Definitivamente no. Una molesta sensación había empezado a instalarse en mi
cabeza, ¿y si estaba empeñada en seguir un camino equivocado?
En otra de mis búsquedas recalé en Serrano. De
nuevo el gran almacén pero en esta calle la tienda, de una sobria elegancia,
estaba decorada con madera, espejos y cuero. Me asaltaron los olores nada más
entrar. En absoluto fue una sensación violenta. Evocaban clasicismo, seguridad
y pulcritud. Como tal vez oliera a mediados del siglo pasado en el baño de un
escritor de éxito, un reputado cirujano, un político trepa y prometedor o un
publicista a lo Mad Men. Había entrado al local de Serrano para hacer pis. Los
grandes almacenes siempre son mi comodín, con sus baños limpios, el papel
higiénico a punto y toallitas de papel de buena calidad. Salía de un concierto
en la Residencia de Estudiantes y decidí bajar andando hacia Colón para
despejarme. Todo rebosaba estilo y distinción en el establecimiento. El guardia
de la puerta, apuesto como un galán de Hollywood me dio las buenas tardes al
entrar. Los dependientes, de impecable traje, recordaban a George Clooney, con
cuidado corte de pelo y canas como pintadas una a una.

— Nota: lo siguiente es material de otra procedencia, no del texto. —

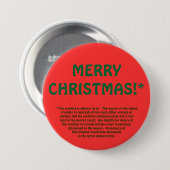 Badge Rond 7,6 Cm JOYEUX NOËL ! * (impression fine) (Devant & derrière)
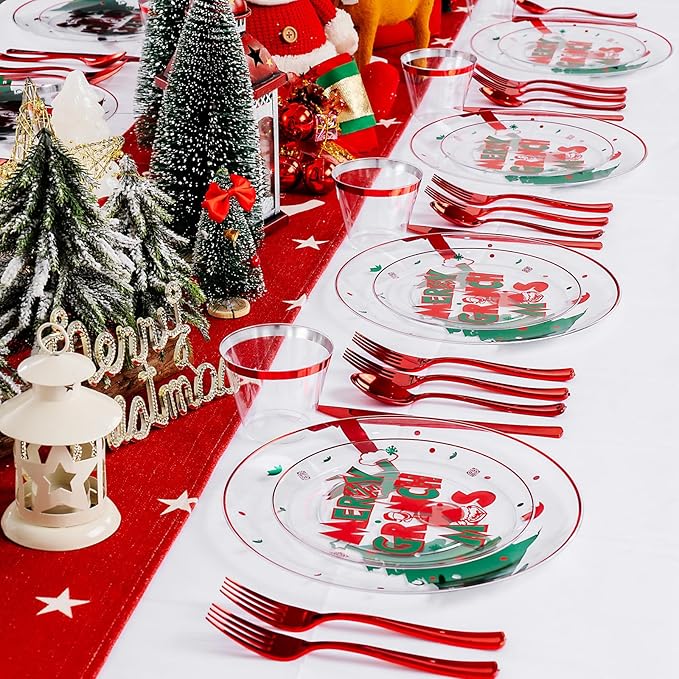 DaYammi 210Pcs Clear Green Monster Plastic Plates Disposable Christmas Dinnerware Set Include 30 Dinner Plates,30 Dessert Platos,30 Forks,30 Knives,30 Spoons,30 Cups,30 Napkins for Christmas Party
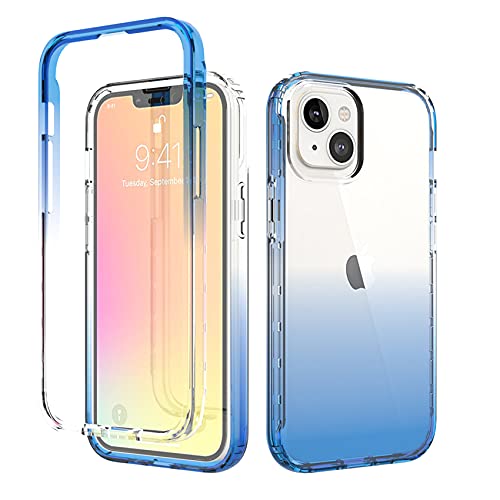 ESTH® Transparent TPU Hülle für iPhone 13 360 Grad Case Stoßfest Staubdicht Klar Handyhülle, Outdoor Panzerhülle mit PC Bumper, OHNE Displayschutz, Blau von ESTH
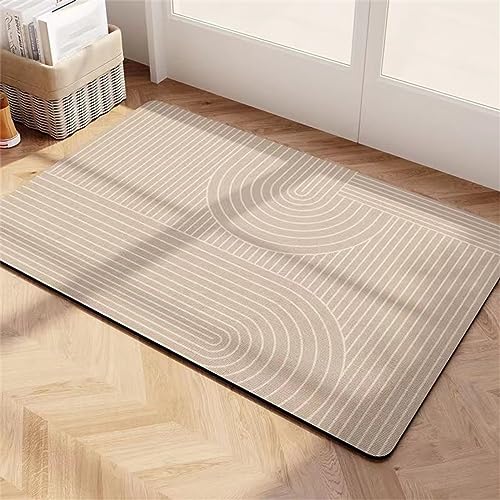 Badematte Rutschfester Badezimmerteppich Groß, Super Absorbierende Bodenmatte, Schnell Trocknend Badematten, Badteppich Rutschfest Badematte SaugfäHige Badvorleger Badezimmermatte Beige, 100x160cm von Heeboode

Volví mi mirada, ávida, hacia colecciones de
frascos minimalistas, con formas rectas y tipografía clásica en las etiquetas.
Correspondían a marcas de las que no necesitan anunciarse en televisión. Aromas
de un clasicismo vetusto, de perfumistas que cuentan historias disparatadas
sobre el nacimiento de sus perfumes.
Tanto lujo me incomodaba.
La respuesta tampoco podía encontrarse allí,
mi personaje, desclasado y sibarita, no podría permitirse esos precios. Pienso
que tal vez el ritual desplegado por el actor puede funcionar. Y me dejo
llevar. El dependiente frunce el ceño y me busca otro perfume. Repite el gesto
con el abanico. Pero el anhelado flechazo no llega. Sus explicaciones tampoco
ayudan. Habla de desiertos, de nómadas, narguiles, inciensos y oasis. A mi
cabeza acude un término “orientalismo”, ese mal que los antropólogos condenan y
que yo lucho por desterrar de mi mirada. Ese orientalismo con el que miré en su
día a la India y al norte de África. Sin embargo, él está poniendo empeño. Opto
por no ser aguafiestas. Y sigo oliendo. Me decido por la combinación que me ha
llenado más, ámbar, almizcle y un toque de pimienta blanca. Compro un frasco
pequeño, de promoción y me lo llevo. En casa me perfumo con él. Con disgusto,
acabo admitiendo que tampoco es éste.
No encuentro un final adecuado. Aún no tengo
perfume para mi personaje y no estoy segura de si debo seguir buscando. Para
este metarrelato sobre escritura podría inventarme hallarlo gracias al anuncio
de una revista antigua, o en una caja con cosas de mi abuelo, en realidad yo no
conocí a ninguno de los dos, o en un choque fortuito con un tipo perfumado en
el metro, o…
Pero lo cierto es que el flechazo aún no ha
sucedido. Sin embargo, la novela seguirá adelante, ya es inevitable.